If they notice that you are uncomfortable or are unprepared to talk about such matters, they may not open up.
- Only 20% of people surveyed locally feel comfortable talking to someone who is terminally ill.
- Saying good-bye is an important process for many people and they find comfort in having done so.
Dos
Don'ts
- Work with the team of care professionals to identify and address any emotional distress or concerns over pain and suffering that your loved one may have.
- Stay on the topic of dying when they choose to talk about it. Be attentive as they share. Give them your time. Be affirming in your responses, nodding in acknowledgement.
Your loved one may say something like this … |
You may be tempted to respond like this … |
Try this instead … |
---|---|---|
“I don’t think I am going to make it.” | “Don’t worry, you will be just fine.” | “It must be hard to come to terms with how things are going.” |
“When I go, can you…” | “You are not going to die. You must fight this.” | “What about this that worries you?” or “I will do what I can to…” |
“The treatment is not working.” | “There must be something else we can do.” | “I will be with you even when we have done all we possibly can to treat you.” |
“I don’t think I can face this.” | “Don’t give up!” | “It’s tough enough. What would give you some comfort and strength at this time?” |
- Be respectful and patient if your loved one is not prepared to talk further.
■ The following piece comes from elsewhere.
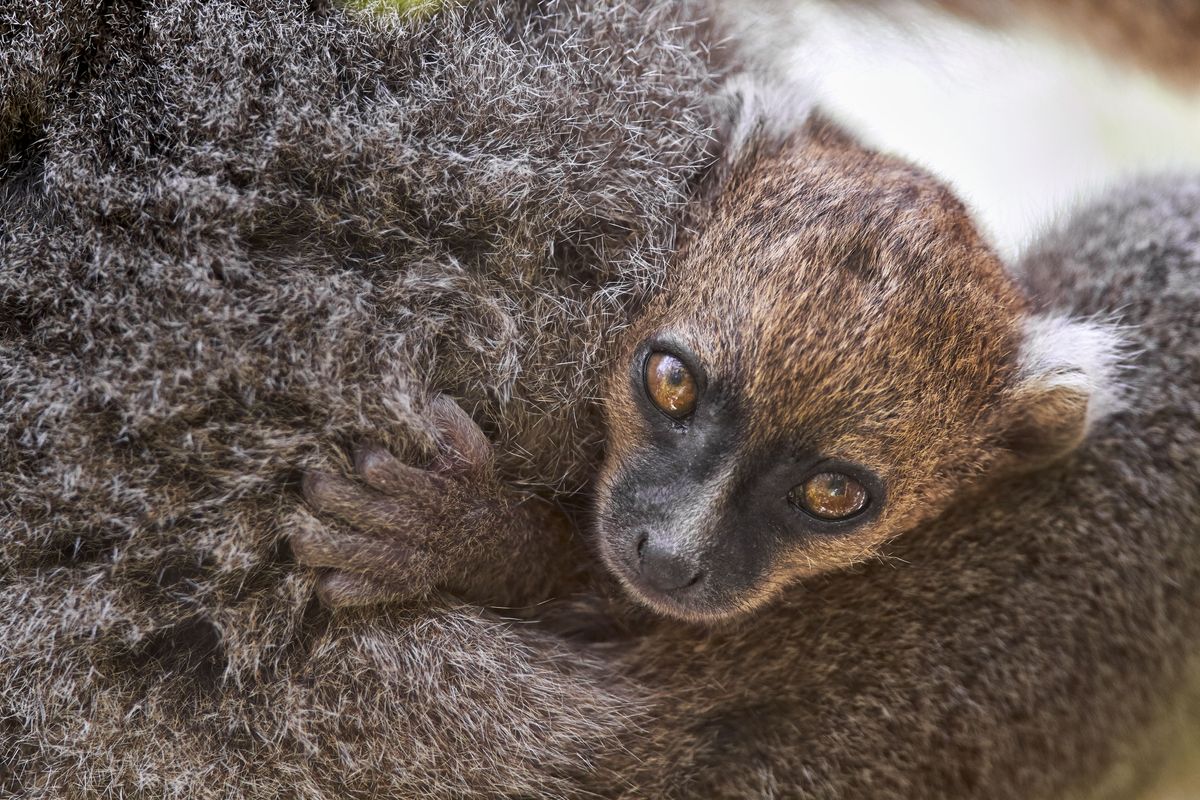 Lemur Earth&#039;s Tropical Islands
- Be open to share a deeper conversation that may involve recounting memories, seeking forgiveness and expressing gratitude. If there are regrets from the past, you can look for fond memories or past achievements to validate your loved one. If they are anxious or afraid, try to understand what they are worried about.
- Don’t expect your loved one to be ready to talk about everything important at one sitting.
- Don’t be afraid to be vulnerable with one another. Sharing vulnerability can bring two people emotionally closer.
- Don’t attempt to fill all moments of silence. Periods of silence allow your loved one and you to process what is going on. Other relevant matters may come to mind as a result.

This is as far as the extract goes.